To be sure, I seldom missed the potlucks; they were one of the few places a single guy could get decent home cooking without unwanted romantic entanglements. But my typical contribution to them, if I remembered at all, was likely to be a supermarket pie from the day-old rack, or--if I had just read another article about carcinogens in processed foods--a bag of oranges, hastily sliced onto a plate at the last minute.

Only when Penn told me the conference location, and his idea for my role, did it begin to sound like fun. "I need thee to organize local history field trips," he said, "for the Friends from afar. Winchester is full of such history, as thee well knows."

So I did: The city that now styled itself the apple capital also had been the site of three major battles; several more had taken place nearby. The city itself had changed hands between Union and Confederate forces something like seventy times. "Now that sounds interesting," I admitted.

He waited patiently on the other end of the phone, until I let out a resigned sigh.

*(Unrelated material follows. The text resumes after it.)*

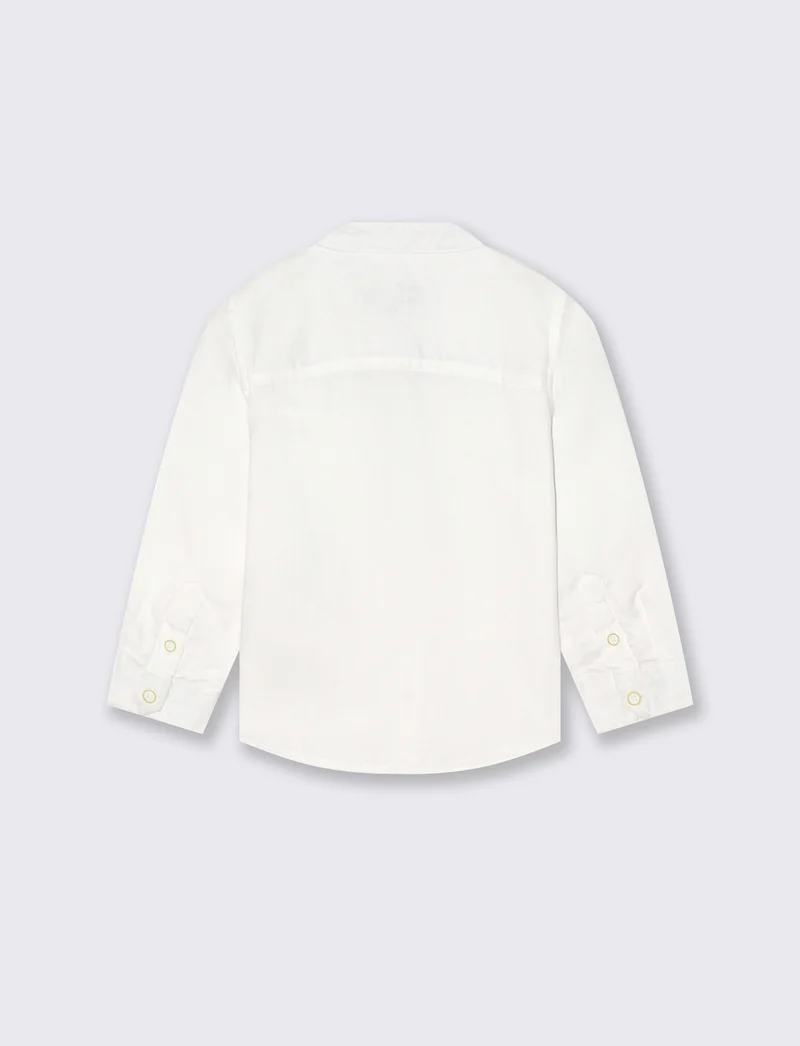 Camicia coreana manica lunga tinta unita - Bianco latte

"Okay," I said, "as long as I don't have to come to meetings."

"No problem," he said. "I'll list thee as an alternate member from Potomac Yearly Meeting, and thee can start thinking about some easy daytrips to take."

Thus relieved of the need to take up the Quaker form of the cross--going to committee meetings--I had happily done as he had asked, and begun reading up on the Civil War in the Shenandoah Valley.

It was a rich field, I discovered, as well as a relatively underdeveloped one, at least historiographically. I didn't understand why it was so neglected, what with Stonewall Jackson, Jubal Early, Phil Sheridan, the cadets from Virginia Military Institute, raids by Mosby's Rangers, and lots more, with Winchester right in the middle of it all. But for my purposes, that only made it more interesting; it wasn't as well-worn as Gettysburg, or as exhaustively chronicled as Appomattox.

Of course, skipping the committee meetings also meant I had arrived in Winchester with no idea of what was actually going on with the conference. This, I realized as Lem Penn led Eddie Smith and me out of the auditorium, meant I probably had a lot more to learn about what I had gotten myself into.

And when Penn turned and stopped at Table Number Three, pointed to Eddie's big display, with all its happily-married couples beaming out at us, and said quietly but firmly, "Friends, I'm afraid this can't stay here," I knew I had a whole lot yet to learn.

"What the hell do you mean?" Eddie demanded.